Sunday, July 17, 2016

Attacking Camelot

Socialite Alicia Clark died in February. Her will left her $17.5 million estate to the Humane Society. Her estate is in the news because the administrator of her estate has filed a Freedom of Information request to open a file which might shed light on whether Clark was the mother of JFK love child even though she had long denied having a child with the late President. 

She had reportedly planned to blackmail President Kennedy's father in the early 60's related to such rumors. The blackmail attempt only became public after her then attorney went public after she did not pay his $1.2 million bill (in 1961 dollars) for negotiating a will with her soon to die husband which gave her $10 million for 13 days of marriage. Meanwhile, a man in the Bahamas claims the will is fake and that her valid will is a handwritten will she made in the Bahamas in 2001. That alleged will left one million to each of the doormen at her NYC apartment and the caretaker of that apartment, and the rest to the guy in the Bahamas. Got it? 

So many possibilities, so let's try to stay focused on the salient points: 

1. The JFK love child angle seems to be irrelevant. If Clark had a child and raised him, she would have provided for him in her will and would have been seen with him in the past 55 years. If she gave him up for adoption, that child has no rights under law because his rights to her estate would be terminated due to the adoption.  

2. Some (re: me) might think that the estate administrator is grandstanding (successfully because he made the news) or is running up a larger bill than necessary in looking for a love child who likely has nothing to do with the estate, even if he exists. 

3. Clark's former attorney's $1.2 million bill for what is essentially a pre-nuptial agreement seems excessively large by any standards much less those of 1961. Those agreements are not typically handled on a contingent fee basis which must have been the basis on which he billed. 

4. That said, $10 million for 13 days of marriage to a dying man might be worth a $1.2 million fee. 

5. Lastly, the Bahamas guy must be suffering from sunstroke or island fever. Everyone besides the writers of Harold and Maude knows that Manhattan socialites do not create handwritten wills on vacation to leave their estates to their staff and random guys in the islands.


Thursday, July 14, 2016

Not Friends


Jennifer Aniston's recently deceased mother allegedly left Aniston out of her will. Even though Aniston reportedly supported her mother in recent years, her mother left her personal belongings and condo to another unidentified relative. Aniston and her mother had been estranged for years and had only somewhat reconciled two weeks before the mother's death.
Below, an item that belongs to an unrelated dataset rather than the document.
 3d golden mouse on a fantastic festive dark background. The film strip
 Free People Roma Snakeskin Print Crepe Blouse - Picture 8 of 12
Several very brief points:


1. Aniston's mother was not required to leave any assets to Aniston by law. She may leave them to whomever she chooses.
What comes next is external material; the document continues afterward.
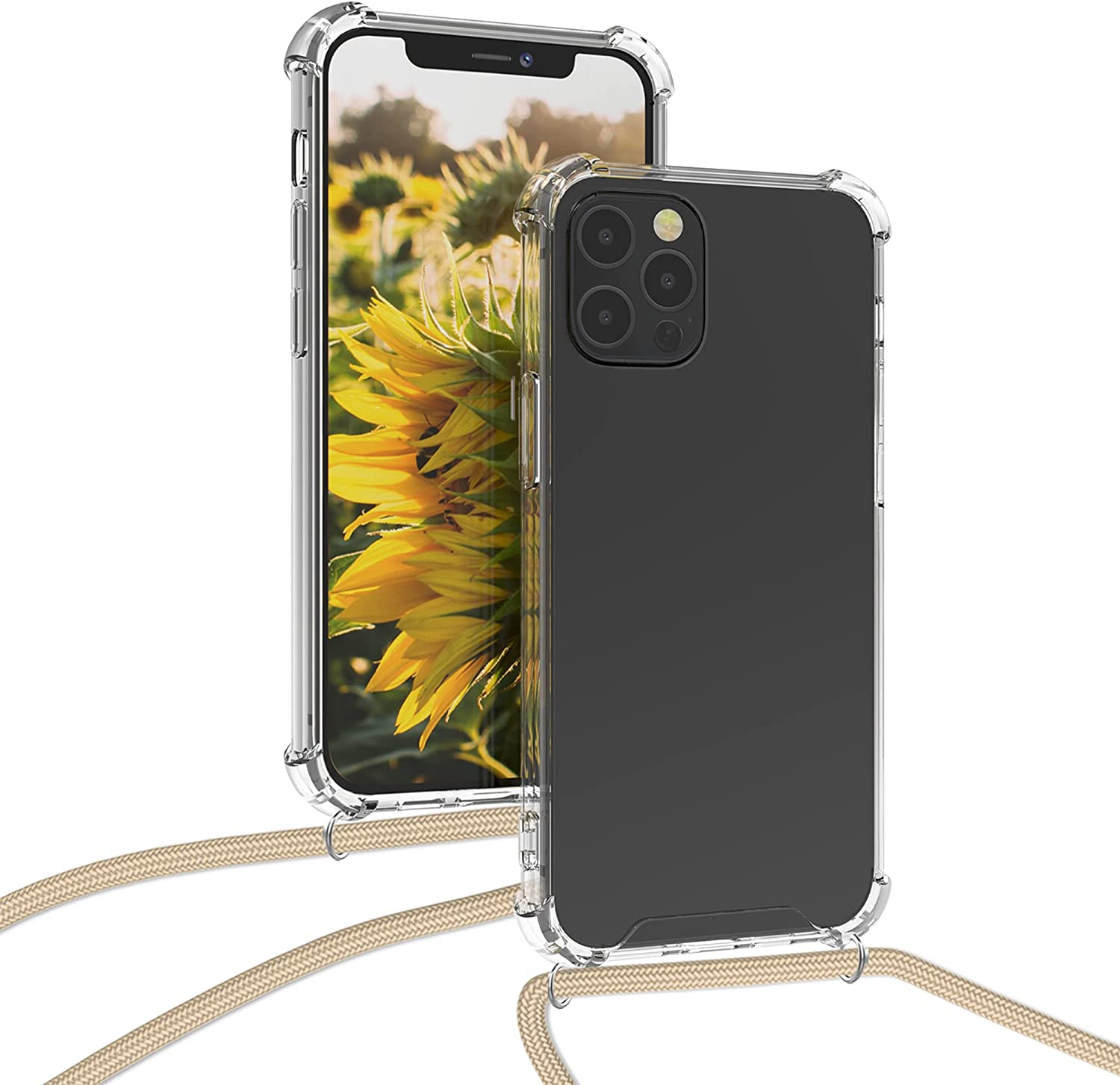 KW iPhone 12 / iPhone 12 Pro Θήκη Σιλικόνης TPU με Λουράκι - Διάφανη - Gold - 52730.21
2. Aniston certainly does not need any of her mother's money.


3. Like any 40-something year old, it is doubtful that Aniston would want/need any of her mom's tsochktes.
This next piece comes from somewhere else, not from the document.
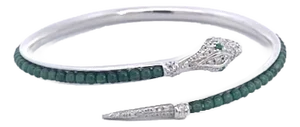 Serpent Wrap Bangle With Green Jade Beads and Cubic Zirconia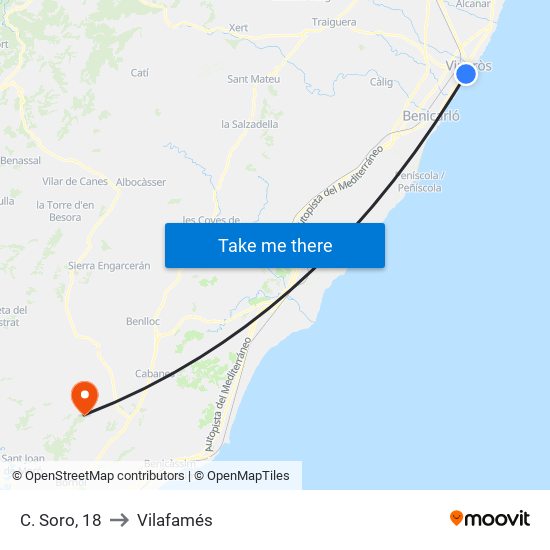 C. Soro, 18 to Vilafamés map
4. It is refreshing to read an article about Aniston that does not involve pregnancy speculation although it does mention Brad Pitt.



Monday, July 11, 2016

The Nest

Gosh, times are slow in the newsworthy estates and trusts area, except for the conga line of people claiming to be heirs of Prince. Reluctantly resorting to fiction for material, "The Nest" by Cynthia D'Aprix Sweeney is on many best books of summer lists. It has several estate planning lessons which can be gleaned from the following plot facts (all of which are in the first 40 pages so hopefully I not spoiling anything for anyone who wants to read the book). 

A father created a trust for his four children. The trust was to be distributed when the youngest child reached the age of 40. His wife had the power to invade the trust in the event the children needed the funds earlier. One of the children had a power of attorney from his husband which allowed him to mortgage their vacation property without the husband knowing about the mortgage (trust me, I got the pronouns correct). Another child had a legal predicament which resulted in his mother lending him the entire proceeds of the trust to bail him out and hoping that he would re-pay the amount (called "the nest" by his siblings). 

Points to be learned: 

1. One should never give a power of attorney to a non-aged spouse unless it is contingent on disability. The potential for abuse is too great otherwise. 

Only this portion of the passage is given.